2. One can design other Voodoo options, and your design falls under a larger class of an-martingale. Let as assume that at a given point in the price axis you add a new size denoted X(K), where K is the new level. Your new position size is Y(k)=Y(k-1)+X(k). Let us call G(k) the accumulated gains at step K. K* is the level where you get stopped with no loss and no gain (but there exit design where there is no such K* as all what is needed is that above K* there is gain, and below it a fixed loss). K* can be thought of as the strike level of your Voodoo call. If Step is your increment, your system is a member of a larger class of Voodoo systems:
Case 1: When K is greater than the threshold: Y(K)*Step <= f(k)*G(k-1), where f(k) is a design variable which is non-negative but never higher than 1. If stoped out, then your gain will be (1-f(k))*G(k-1).
Case 2: If K is less than the threshold: Then Y(k)*Step=FixedCapitalAmount. The initialization is then more specific than what happens after the threshold.
3. To analyze your system and any system, in that class you need to determine K*, and then calculate the probability that your system will end in Case 1 and in Case 2.
4. To answer 3, you can take various routes:
4.1 Simulation
4.2 Direct maths
4.3 Transform your system to a set of exotic equivalent options (barrier, touch, binaries, etc..)
4.4 Analyze it recursively, and then solve it using a recurrence equation solver, or by induction.
5. The most important point I think you have to re-look at is your entry. You use price, but you seem to have forgotten a crucial element in this: time!
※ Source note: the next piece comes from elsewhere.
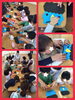 「オニのお面づくり【交野市・小規模保育園・一時預かり・月極保育】」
Because if you enter independent on the time element attached to price, then you might be taken out more frequently, as the probability of touching a price is always higher than the probability of ending up above/below a given price by the end of a certain time, and also because amplitude of cycles may play in your favor or completely against you depending in which cycle you are in.
6. Also note that there are other design possible where you can change Step (size, linear vs. log, change as a function of K, etc).
7. Point 6. also applies to f(K) is the above.